Adolphe Braun, Le Cervin et le lac Riffelsee, Tirage au charbon, Collection particulière / Droits réservés

Évasion en majesté

Les murs de la pièce carrelée transpirent encore le chlore. L’ancienne piscine de Colmar est maintenant reliée au cœur du musée Unterlinden, couvent du XIIIe siècle. Au bout de ses escaliers en colimaçon blancs, on n’atteint plus les vestiaires mais l’évasion… C’est dans une nouvelle architecture, l’Ackerhof, que se tient la nouvelle exposition temporaire dédiée à l’œuvre photographique d’Adolphe Braun.

Le premier cliché expose son entreprise à Dornach, faite de volumes triangulaires sériels. En face, le portrait du patron au regard sévère et visionnaire. Adolphe Braun, photographe français, a exploité et perfectionné des procédés techniques de 1851 à 1877. Il a commercialisé et diffusé en masse le tirage comme une production d’usine, a bâti la plus grande entreprise de son genre en Europe et offert aux yeux du public le plus large des vues fantastiques…

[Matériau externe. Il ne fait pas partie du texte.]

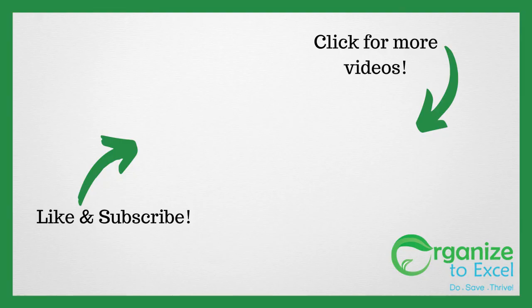I'm Dr. Katherine Macy with Organize to Excel. Like the video, like our page. It's on our website, organisetoexcel.com.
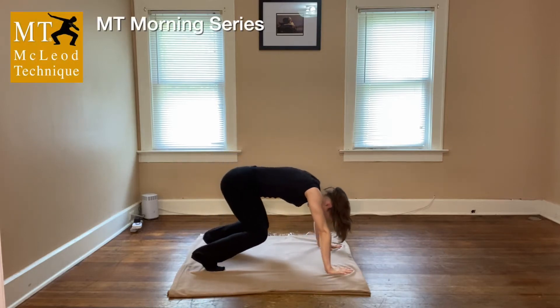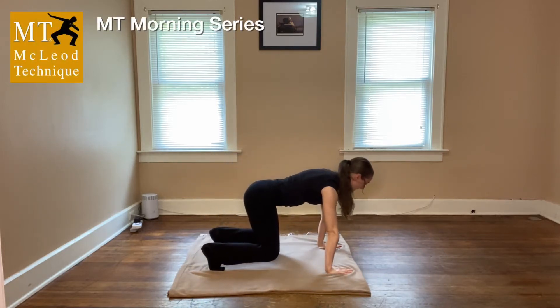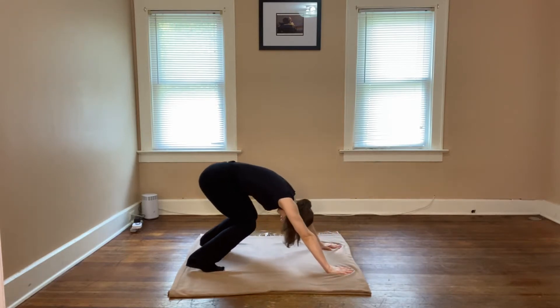Bend the knees, stretch, up to flat back, tabletop, and keep the bent, roll on the trail.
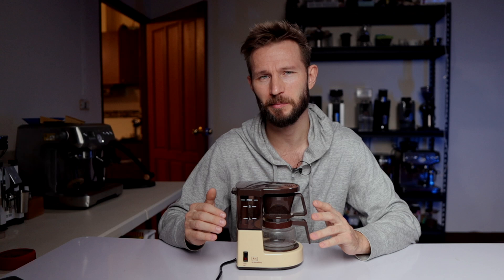Depending on how you measure it, the capacity is either one big cup or two pretty small ones. You can fit 330ml of water, and then the coffee grounds are going to hold on to some of that water, so probably you're going to end up with a cup that is around 280-290ml. In most places around the world that would be considered one large cup, since it's not quite enough for two small ones.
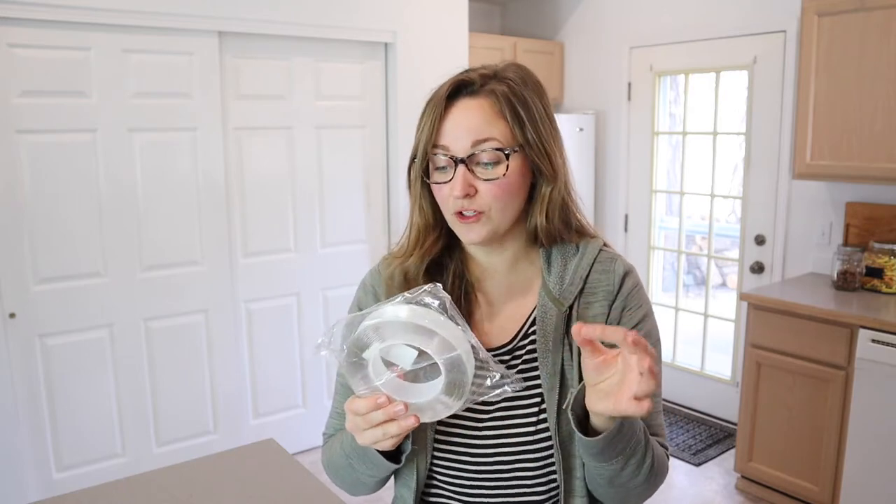A huge benefit of this nanotape is that it has so much strength for the stickiness — it can hold pounds per just a few inches. I have a little picture that I want to hang on the wall. It is safe to hang on the wall and safe to use on your floors. I need something a little bit stronger, but I don't want to drill holes into the wall because we have painted recently, so I'm really excited that this is an option.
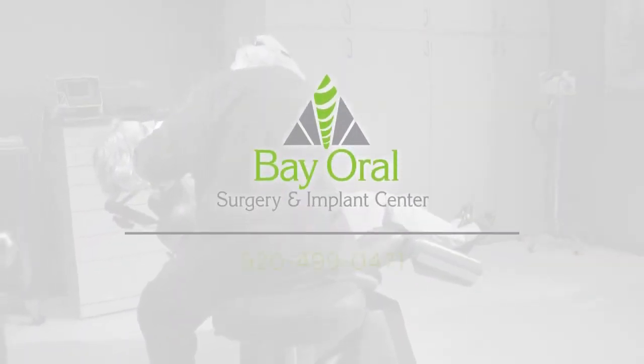My name is Amanda and I am a surgical assistant at Bay Oral Surgery and Implant Center. If you have any questions or concerns, our doctors can be reached at their emergency number 920-499-0471.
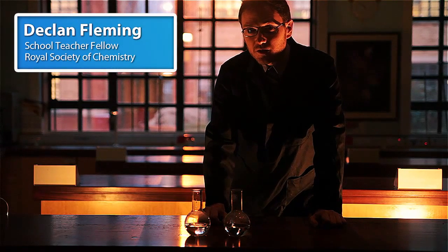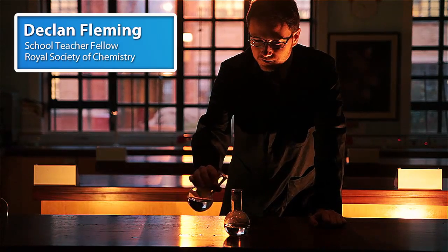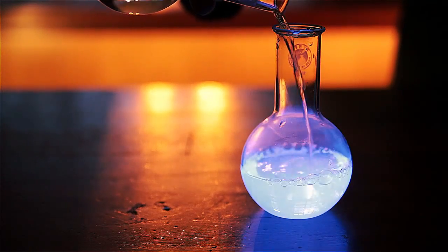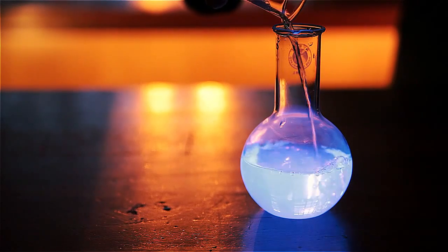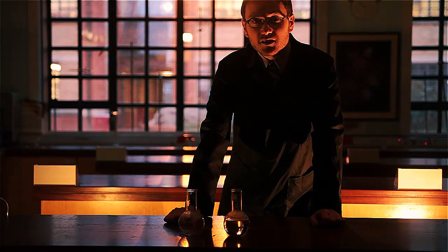The cold light produced by the oxidation of luminol has been a popular demonstration for years. But there are even more dramatic ways that we can display this really interesting experiment.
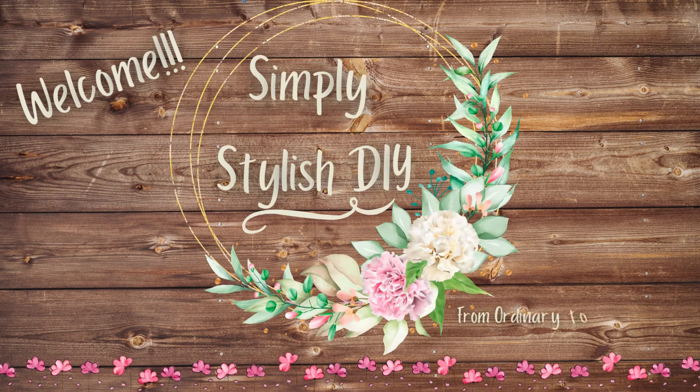Welcome to Simply Stylish DIY, where we take ordinary to extraordinary. Hey y'all! Welcome back to Simply Stylish DIY. Today, we will be crafting three unique Mother's Day gifts that will make all the special women in your life feel loved.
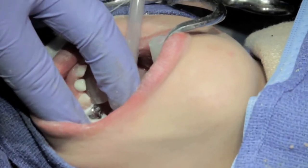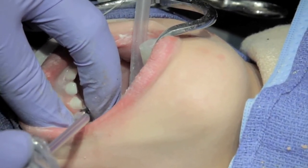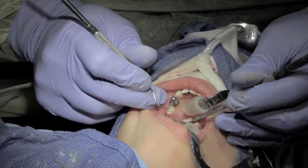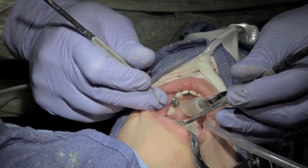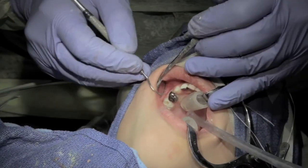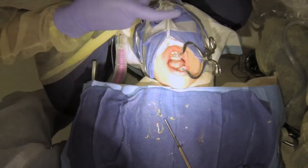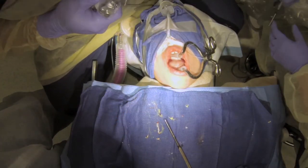Make sure it's seated all the way. Check for excess cement. That's all she wrote — beautiful.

Le musée Unterlinden détient une collection de tirages et de négatifs cédée par la société Braun. Il dévoile avec le Stadtmuseum de Munich l’intérêt et la majesté de ce fonds lié au système des arts du XIXe siècle.

Sous l’extension du musée en forme de petite cathédrale, les sections se déploient comme des chapelles ouvertes. Un toit pyramidal, une fenêtre en ogive. Et des murs qui dans ce blanc limpide posent des pans rouges et bleus, passages élégants d’un espace moderne et évident.

Adolphe Braun, Alpinistes sur le glacier de Morteratsch, 1875, Tirage sur papier albuminé, Collection particulière / Droits réservés

Au détour de ce lieu comme un écrin de montagne sont posées une chambre noire mobile et une tente-laboratoire sur pied. Ce matériel d’expédition était déployé quand les conditions météorologiques et la lumière étaient adéquates, pour développer les négatifs en face du paysage…

Nous observons justement en regard les chutes du Staubbach se jeter de la roche humide et déchiquetée. Loin derrière, il y a la neige et les forêts de pins. Devant, les dos des dunes. Puis le Cervin en relief inversé à la surface du lac Riffelsee comme la Suisse dans les yeux de Ferdinand Hodler. La Mer de glace et l’aiguille des Grands Charmoz. La profondeur d’un gouffre devant les sommets couleur ardoise.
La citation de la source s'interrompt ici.